= Stability 2008 =

Russian military exercise

"Stability 2008" was a major strategic military exercise initiated in late September 2008 involving the Russian military estimated to last for around one month. The exercise was a rehearsal of the deployment of Russia's conventional armed forces, and also its ground-, sea- and air-based nuclear deterrent.

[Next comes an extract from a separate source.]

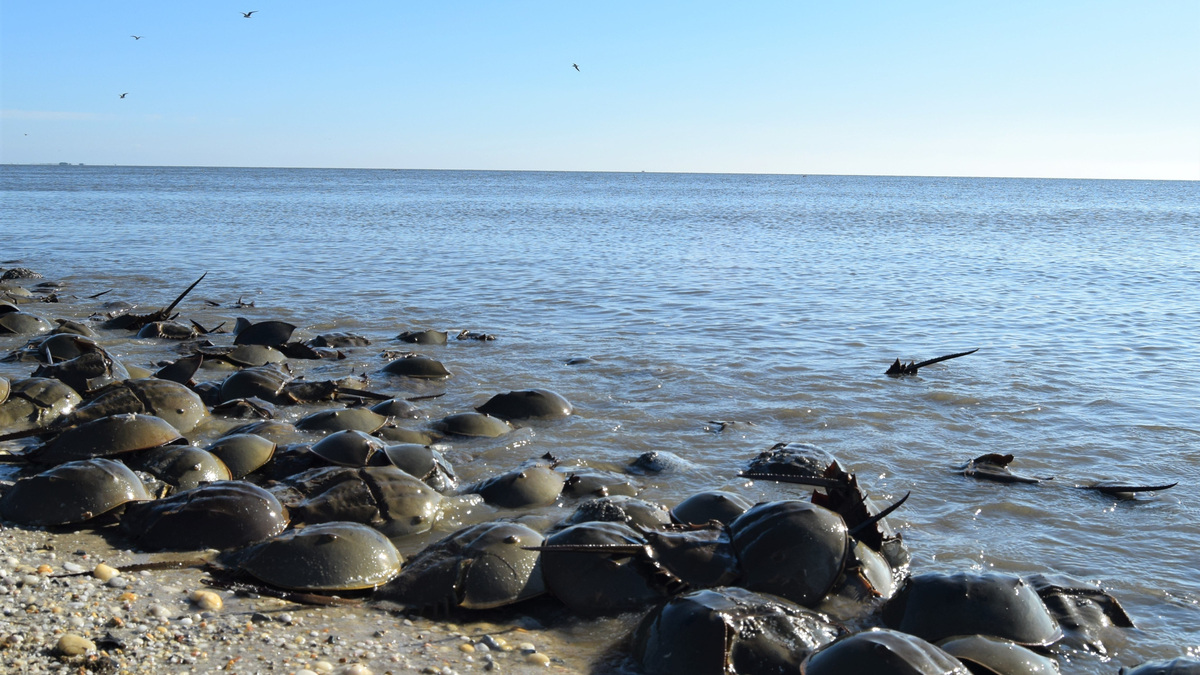 Horseshoe crabs spawn along the shores of the Delaware Bay in the spring. There are millions of horseshoe crabs living in the Delaware Bay alone, which supports the largest spawning population in the world.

The exercises involved mobilization and deployment to forward positions of forces in the Moscow and Far East Military Districts and the deployment of the navy in the North Sea, the Atlantic (Northern Fleet), the Baltic Sea (Baltic Fleet), and the Pacific (Pacific Fleet). Three air armies and one air defense corps, the Strategic Rocket Forces, strategic bombers, and Space Forces were involved as well as Belarusian military formations. The exercise involved all of Russia's nuclear forces, most of the battle-ready navy, and the Air Force, but only some of the army. Tupolev Tu-22M3; Tupolev Tu-95MS; and Tupolev Tu-160 strategic bombers, Sukhoi Su-27 fighters, Mikoyan MiG-31 interceptors, Ilyushin Il-78 tankers, and Beriev A-50 AWACS took part in the exercise. On October 8, Japanese F-15s intercepted Russian Tupolev Tu-22M3s over the Sea of Japan.

As part of the exercise, two Tupolev Tu-160 strategic bombers were deployed to Venezuela.

Russian embedded journalists were on board the nuclear cruiser Pyotr Velikii which was underway to the Syrian port of Tartus, broadcasting daily bulletins from the exercise to Russian broadcast audiences. The Pyotr Velikii was destined for Venezuela where it took part in naval exercises.